One of the smaller galaxies that went into making up our galaxy has been found hiding near the core of the Milky Way. The discovery suggests our galaxy had an unusually turbulent start to its life by the standards of spiral galaxies.
Astronomers have known for a long time that large galaxies like the Milky Way are built out of smaller ones. However, it is only recently we have been able to identify traces of former galaxies within our own. Now technology has evolved to the point where we can track the movements and spectra of vast numbers of stars at the same time, results in this field are coming thick and fast. Just last week a study of globular clusters provided evidence for the size of the mysterious Kraken Galaxy, and the time at which the Milky Way consumed it.
Now another component galaxy has been added to the story, but this one has a major difference from the others we have seen, with many of its stars located within 13,000 light-years of the Milky Way's core, rather than dispersed across the halo. The obscuring clouds of dust between us and the center of the galaxy have helped prevent us from seeing these stars clearly before, and therefore identifying their origins.
“To find a fossil galaxy like this one, we had to look at the detailed chemical makeup and motions of tens of thousands of stars,” said Dr Ricardo Schiavon of Liverpool John Moores University in a statement.

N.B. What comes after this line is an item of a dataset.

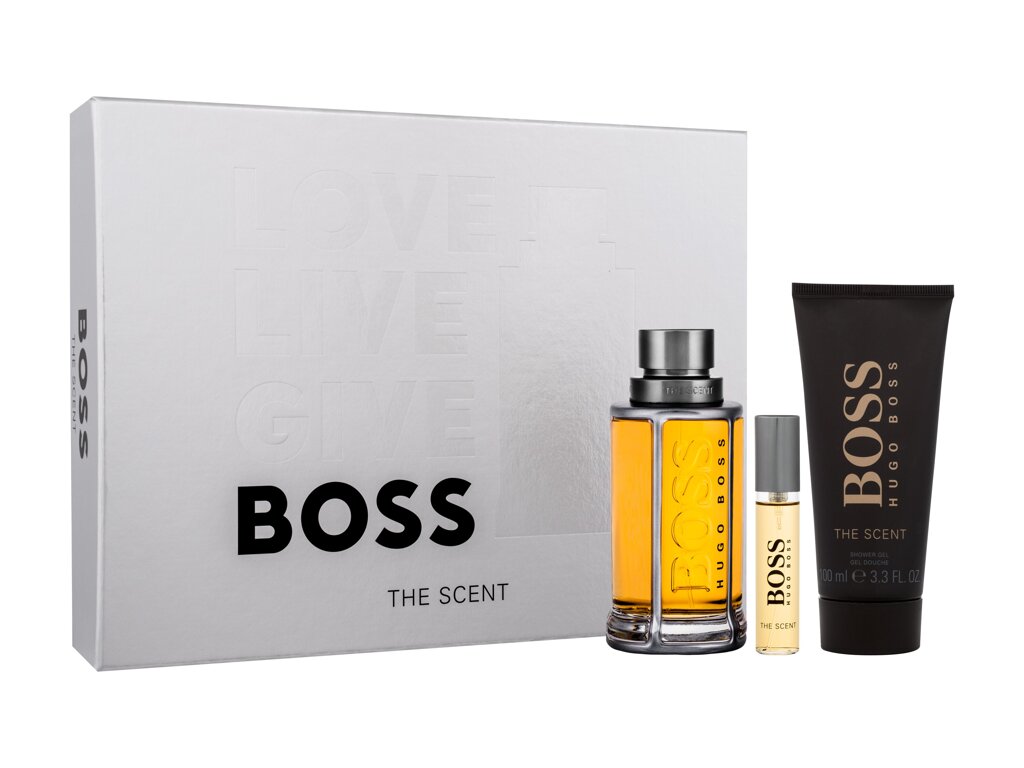 Hugo Boss Boss The Scent 100ml Edt 100 ml + Edt 10 ml + Shower Gel 100 ml Kvepalai Vyrams EDT Rinkinys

To do that, looking towards the Milky Way's center was once impossible, but the Apache Point Observatory Galactic Evolution Experiment (APOGEE) changed that, using infrared observations to peer through the obscuring dust.
“Of the tens of thousands of stars we looked at, a few hundred had strikingly different chemical compositions and velocities,” graduate student Danny Horta said. The stars in question were so low in metals compared to their neighbors, and so fast-moving, the authors concluded they must have originated in another galaxy.

In Monthly Notices of the Royal Astronomical Society Horta and co-authors have named the former galaxy Heracles, a nod to the Greek myth where the Milky Way was formed when the demigod (Hercules is his Roman incarnation) was pushed away from Hera's breast.
Heracles is thought to have been absorbed into our galaxy around 10 billion years ago, close in time to the capturing of several other small galaxies, suggesting an unusually active period for a galaxy of this type. The paper proposes its stars had a combined mass around 500 million times that of the Sun. That's twice the stellar mass of the next largest consumed galaxy, known as Gaia-Enceladus/Sausage.
Former galaxies make up much of the Milky Way's halo, and the authors estimate remnants of Heracles account for a third of the halo's stars. Unlike the other small galaxies, however, many Herculean stars have remained together, concentrated into part of the bulge that sits above and below the core.